- _Problem to work on_
Repeat the material exactly from its first line to the line that includes "Comfortable bedroom with". Skip pictures.

- _Task inputs_
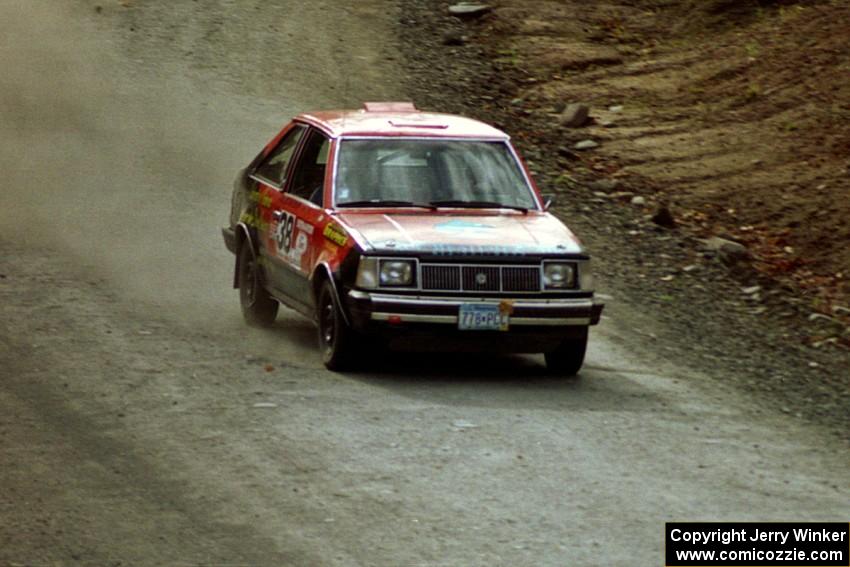 Jim Buchwitz / C.O. Rudstrom drift their Mercury Lynx through a sweeper near the end of SS2.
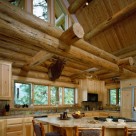 Custom log home kitchen with custom cabinets, tile counters, breakfast bar with log barstools. Exposed log beams above with glass in gable and elk head mount on wall.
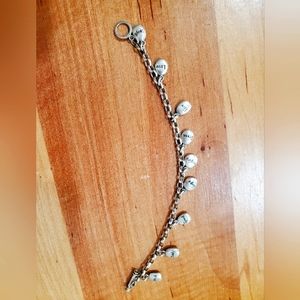 Silver charm bracelet with inspiring words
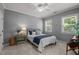 Comfortable bedroom with a queen-sized bed, side table, and two windows at 1420 Heritage Links Dr, Wake Forest, NC 27587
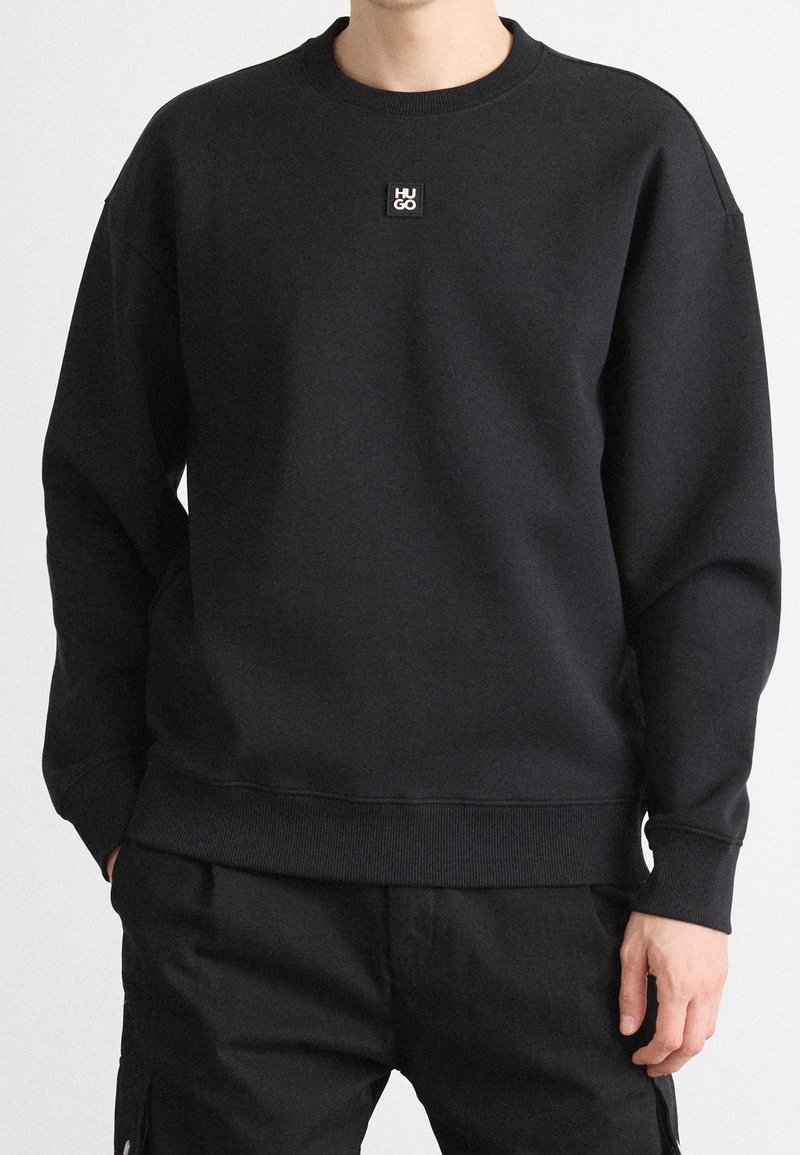 Personne portant un sweat-shirt noir uni avec un petit logo carré inscrit "HU GO" sur la poitrine, associé à un pantalon noir.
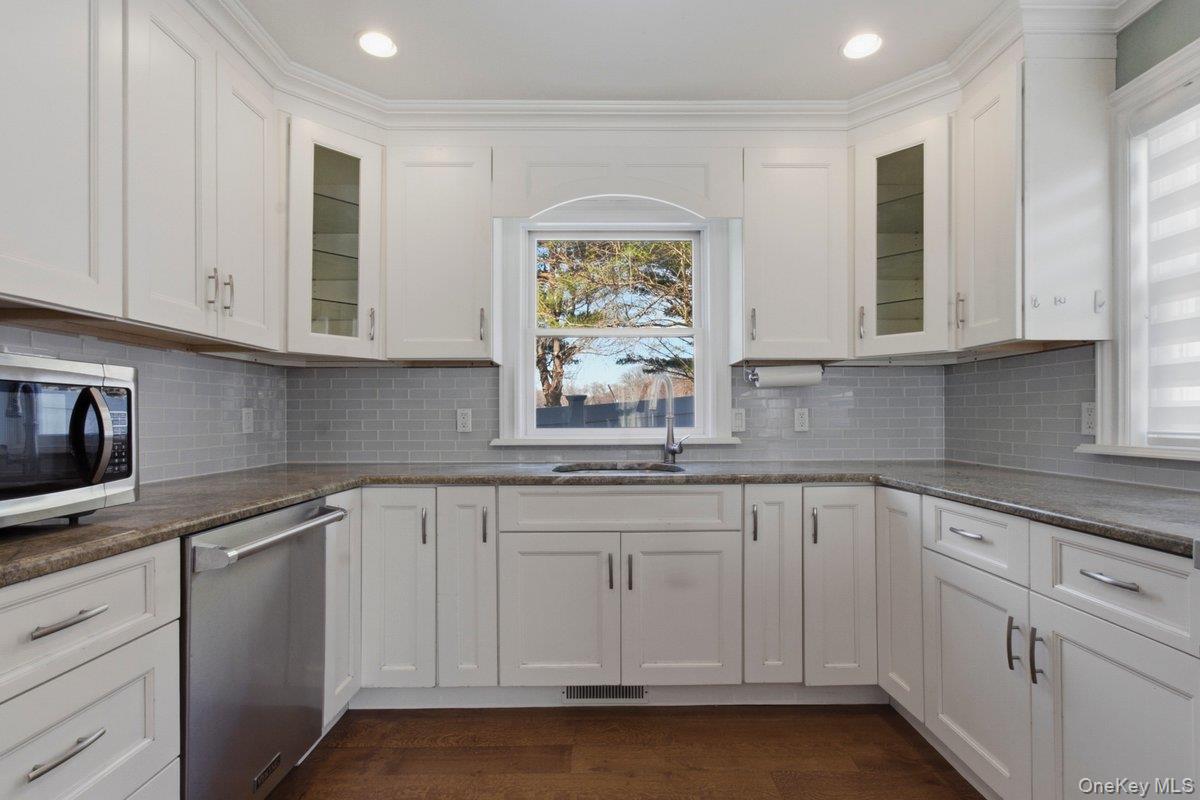 246 Tibbetts Road Yonkers, NY 10705 - Photo 10 of 27 Kitchen featuring glass fronted cabinets, white cabinetry, recessed lighting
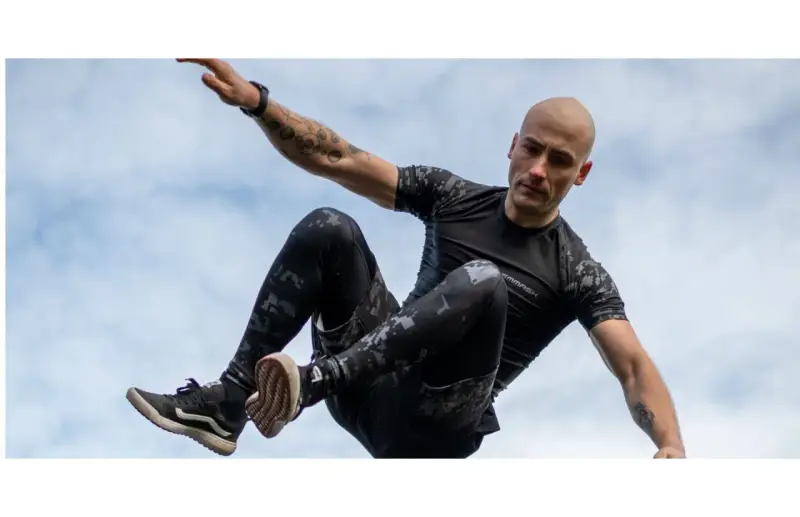 Mężczyzna w ruchu, jakby ćwiczył hiit. Co to za trening? Dynamiczne skoki i akrobacje na tle nieba.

- _Answer section_
 Jim Buchwitz / C.O. Rudstrom drift their Mercury Lynx through a sweeper near the end of SS2.
 Custom log home kitchen with custom cabinets, tile counters, breakfast bar with log barstools. Exposed log beams above with glass in gable and elk head mount on wall.
 Silver charm bracelet with inspiring words
 Comfortable bedroom with a queen-sized bed, side table, and two windows at 1420 Heritage Links Dr, Wake Forest, NC 27587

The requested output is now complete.